224 Sea Cliff Avenue

As we noted when 224 Sea Cliff Avenue was listed as a “spectacular trophy home with HUGE potential!” for $19.675 million at the end of last year, “while the property appears to remain under the control of Brugnara Properties, numerous liens, notices of default and new deeds of trust have accrued.”

Purchased by the infamous Luke Brugnara for $7 million in 2002, the seven-bedroom home was facing foreclosure back in 2012 with $7,983,898 then owed on a 2007-era first mortgage for $6,000,000, to which a second note for $11,350,000 was added in 2008.

And while the listing remains active on the MLS, a foreclosure auction for 224 Sea Cliff has been slated anew for May 23 on the steps of City Hall.

24 thoughts on “Trophy Home Slated for Foreclosure (Again)”
  1. Wonder if it will actually go this time. Can anyone explain exactly how this would work if you wanted to buy this place on the steps? I remember the house on Pacific and Divis that went into foreclosure, bought by bank and flipped for $10m to CC. What’s owed and who’s likely to buy this one? Clearly the banks have some interest in this place but this place is a handful for anyone.

    1. CC got quite a deal on that one! As I recall, it recently had a $9M makeover. This place is a developer’s dream. Incredible potential and amazing views.

  2. Poaching steelhead trout from your own private dam sounds a lot more cunning (and difficult?) than fleecing a bank. He should stick to the interesting stuff.

  3. Eddy, you need a cashiers check at the courthouse steps. I’ll post the details tomorrow.

    Sale Scheduled: 05/23/2017
    Sale Time: 2:00 PM
    Sale Location: At the Van Ness Avenue entrance to the City Hall at 400 Van Ness Avenue, San Francisco, CA 9

  4. The bank always wins at foreclosure. It’s called a credit bid. Since they are the lender all they must do is bid the amount owed and anyone else must exceed that amount, with a cashier’s check to prevail. Where it gets tricky is when you have a 1st and a 2nd loan from different lenders and the 2nd lender is foreclosing or the 1st loan is foreclosing which will wipe out the 2nd.

    1. Except sometimes they just want their money back in which case they will bid less than the amount owed. I expect this will be delayed because the house isn’t worth this much and a fire sale price at the steps won’t yield much for the lender unless they want to spend the next year booting the guy out. “Postponed at beneficiary’s request.”

      1. Or sometimes the Loan was sold at steep discount in massive loan pools.

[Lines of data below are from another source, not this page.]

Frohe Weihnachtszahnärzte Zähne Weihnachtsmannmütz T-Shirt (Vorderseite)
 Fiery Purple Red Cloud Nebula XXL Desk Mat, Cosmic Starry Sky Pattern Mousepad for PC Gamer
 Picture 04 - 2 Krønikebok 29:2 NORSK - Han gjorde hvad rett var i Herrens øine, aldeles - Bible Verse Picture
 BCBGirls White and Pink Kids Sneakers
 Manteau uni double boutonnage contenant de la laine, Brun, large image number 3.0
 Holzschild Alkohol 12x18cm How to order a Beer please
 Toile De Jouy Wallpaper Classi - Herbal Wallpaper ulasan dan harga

Then even with a credit bid the benificary makes money.

    2. The bank doesn’t always win. They would lose hundreds of thousands of dollars with credit bids. This was bad for the banks and taxpayers but good for foreclosure bidders and investors.

  5. Not surprising, since the address numbers are so bad luck (to Cantonese Chinese). Translates to “easy, easy death”…..

  6. But what price +$1.00 is the price owed required to get the home. The second lien seems like its a troubling situation. Hard to believe that anyone, even a bank would drop $11m on this place on the steps. I think if someone with $8mm liquid shows up its theirs.

  7. Eddy

    It depends on the internal bank procedure. If the bank thinks the property is a money pit or huge problem, they will adjust the credit bid price. The bank can start the bidding at $1.00 or $100 or for full amount owed.

    Have you every been down at the courthouse watching the sales?

  8. Agree with Eddy. Very curious how it goes as well. Sorry to over-confirm, but we can see this in action if we show up at 2:00pm at 05/23/2017 at the Van Ness Avenue entrance to the City Hall at 400 Van Ness Avenue, correct?

  9. The owner’s criminal fraud conviction was just affirmed by the court of appeals today.

    Interesting appellate argument. He represented himself at the trial and was such a jackhole that he pissed off everyone, judge, witnesses, and jury. On appeal he argues that “the district judge should have terminated his self-representation when it became clear that he could not control his behavior.” Didn’t work.

    Also, one juror had been replaced when it was learned he had lied about his criminal past, and upon removal he “launched into another diatribe proclaiming that Brugnara was innocent because “[h]e is Italian” and accusing the judge of “represent[ing a] Nazi system.” Lots of drama. But the guy remains in prison.